Caption-style text data:
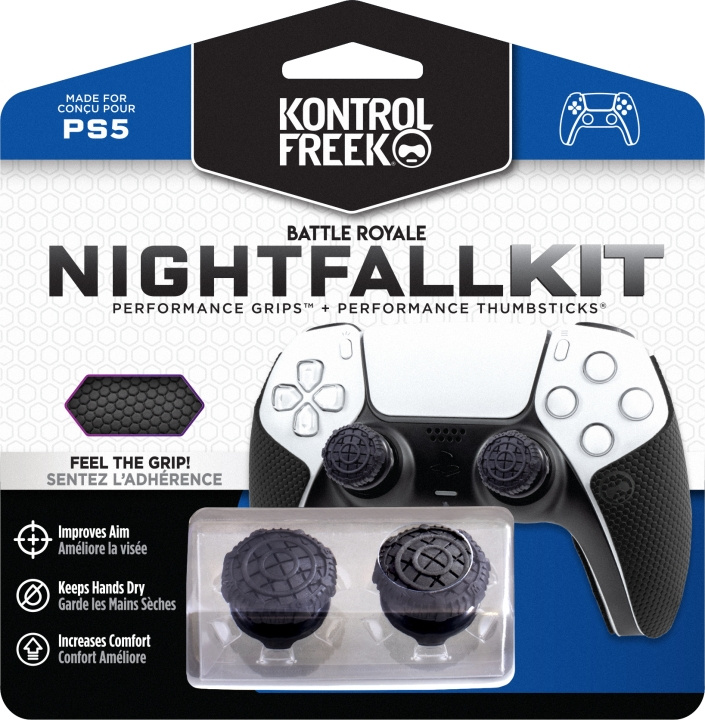 KontrolFreek Nightfall Kit Performance (PS5) in the group HOME ELECTRONICS / Game consoles & Accessories / Sony PlayStation 5 at TP E-commerce Nordic AB (C75450)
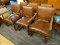 (R3) ELIZABETHAN, REFECTORY DINING CHAIR; 6 PIECE SET OF OAK DINING CHAIRS (2 ARE ARM CHAIRS, 4 ARE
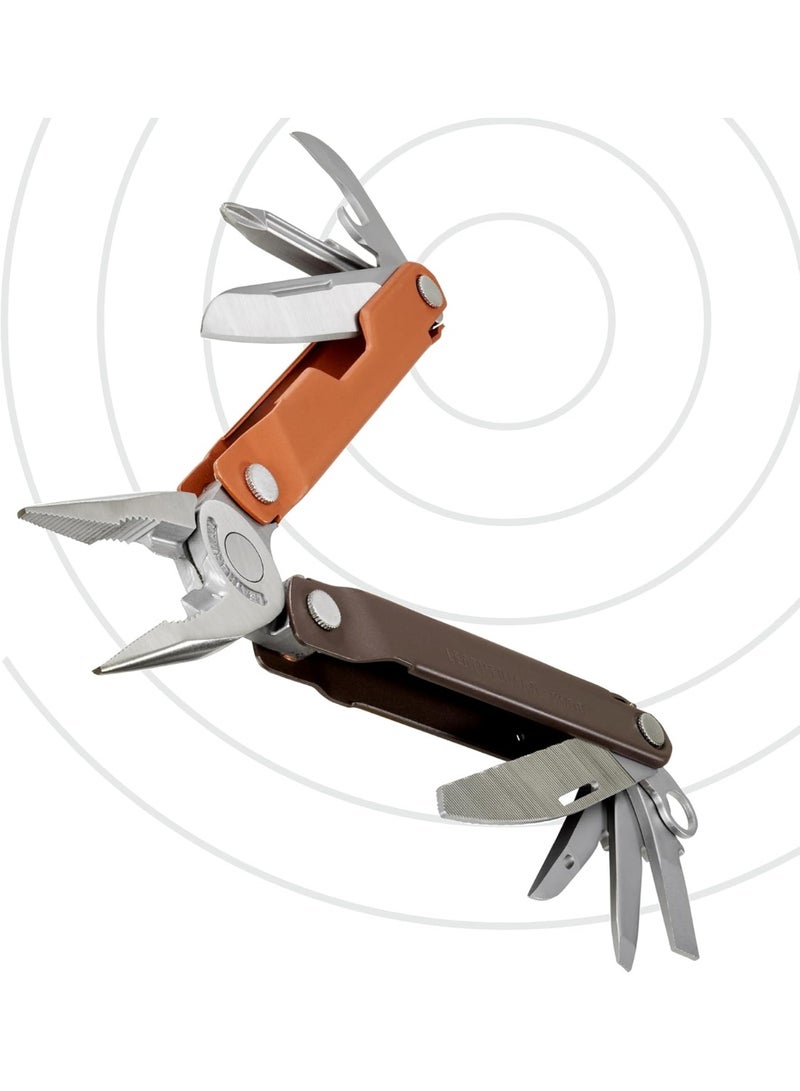 LEATHERMAN LEATHERMAN, Bond Multi-tool, EDC Tool with 420HC Nylon Sheath, Burnt Sienna  - Image 2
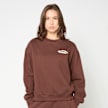 New Balance Linear Heritage Fleece Crew marrón 49850 2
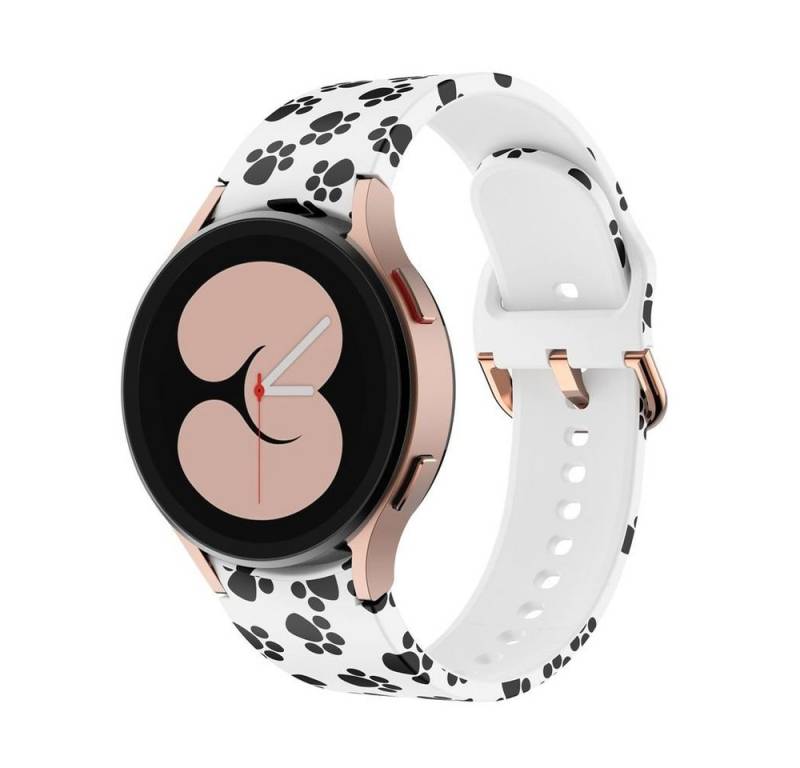 Wigento Smartwatch-Armband Für Samsung Galaxy Watch FE 6 5 4 Normal Pro Classic Kunststoff Band von Wigento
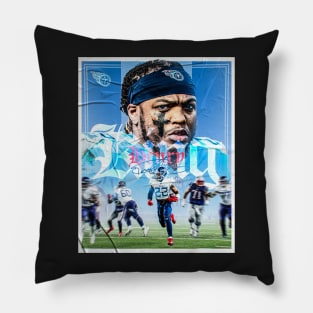 Derrick Henry Tennessee Sports Art Pillow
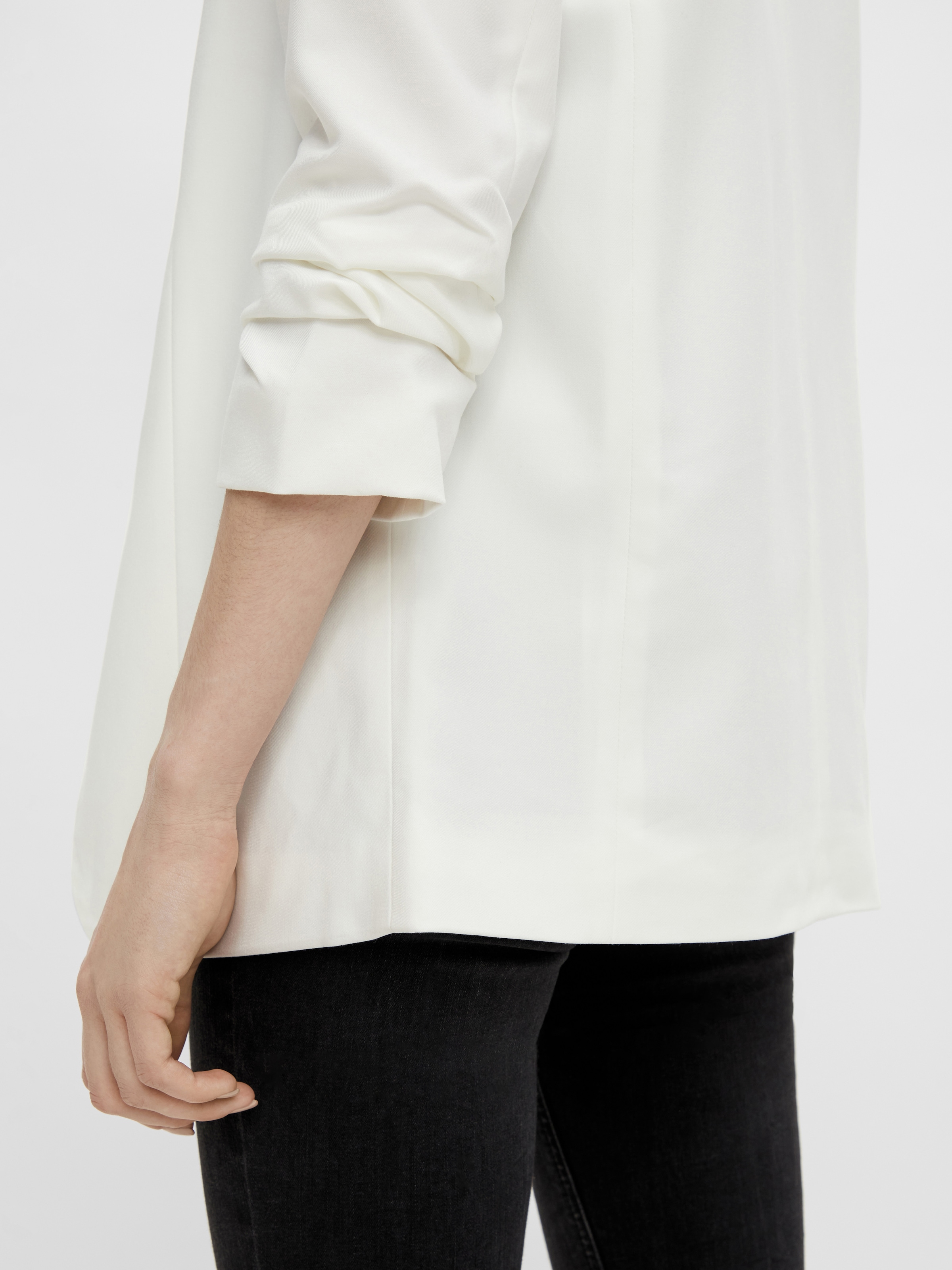 pieces Blusenblazer »PCBOSELLA 3/4 BLAZER NOOS«, mit Faltendetail am Ärmel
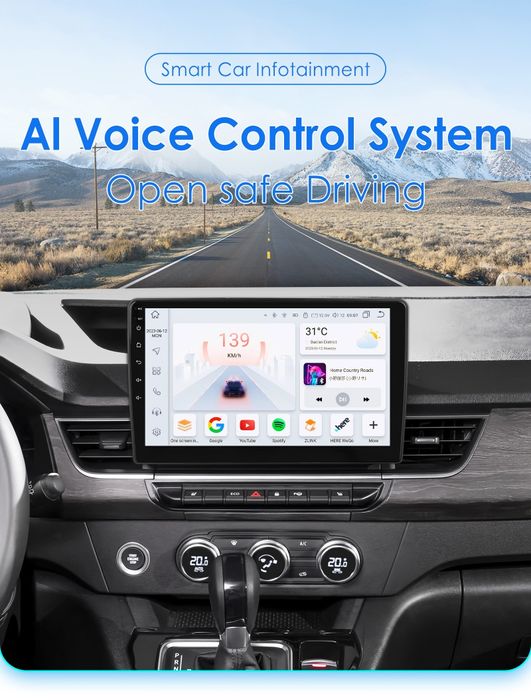 Rádio Android Renault Kangoo (2019 a 2025) 2/32GB Carplay GPS wifi BT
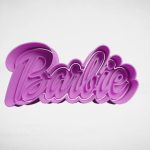 Cortador e Marcador Logo Barbie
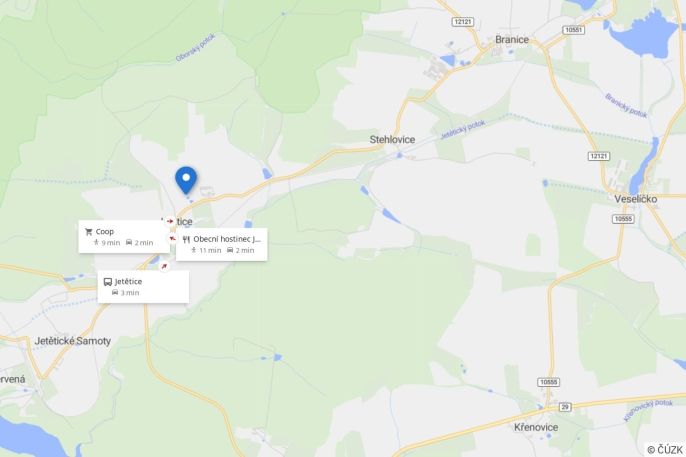 Prodej, Byt 2+1, Jetětice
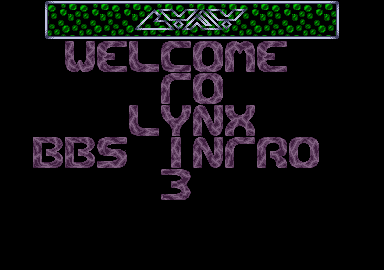 Lynx BBS Demo III atari screenshot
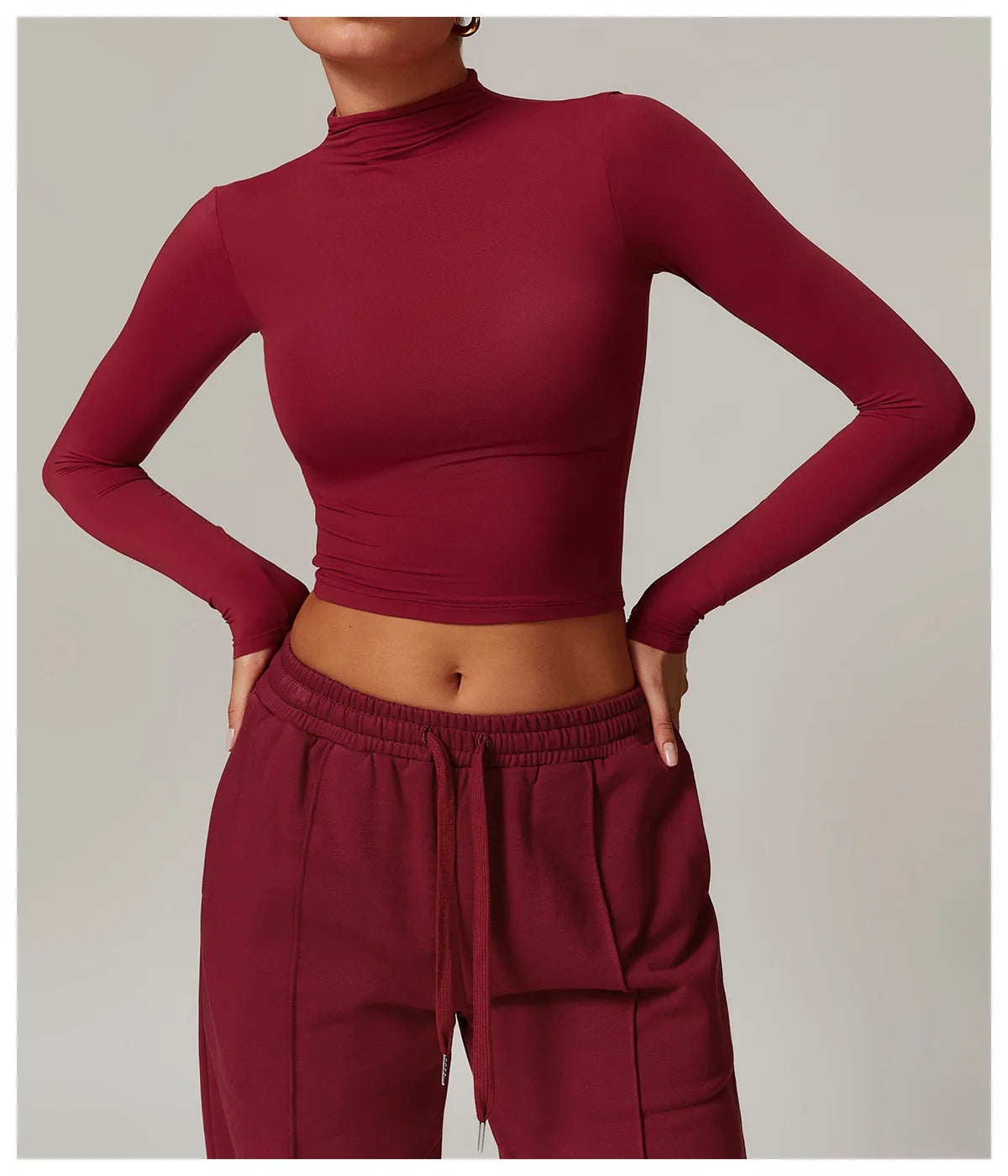 Women's Long Sleeve Yoga Shirt – Outdoor Running Fitness Top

# Task requirements:
One exact copy of the data is required, and it should hold no pictures.

# The completed task:
 KontrolFreek Nightfall Kit Performance (PS5) in the group HOME ELECTRONICS / Game consoles & Accessories / Sony PlayStation 5 at TP E-commerce Nordic AB (C75450)
 (R3) ELIZABETHAN, REFECTORY DINING CHAIR; 6 PIECE SET OF OAK DINING CHAIRS (2 ARE ARM CHAIRS, 4 ARE
 LEATHERMAN LEATHERMAN, Bond Multi-tool, EDC Tool with 420HC Nylon Sheath, Burnt Sienna  - Image 2
 New Balance Linear Heritage Fleece Crew marrón 49850 2
 Wigento Smartwatch-Armband Für Samsung Galaxy Watch FE 6 5 4 Normal Pro Classic Kunststoff Band von Wigento
 Derrick Henry Tennessee Sports Art Pillow
 pieces Blusenblazer »PCBOSELLA 3/4 BLAZER NOOS«, mit Faltendetail am Ärmel
 Rádio Android Renault Kangoo (2019 a 2025) 2/32GB Carplay GPS wifi BT
 Cortador e Marcador Logo Barbie
 Prodej, Byt 2+1, Jetětice
 Lynx BBS Demo III atari screenshot
 Women's Long Sleeve Yoga Shirt – Outdoor Running Fitness Top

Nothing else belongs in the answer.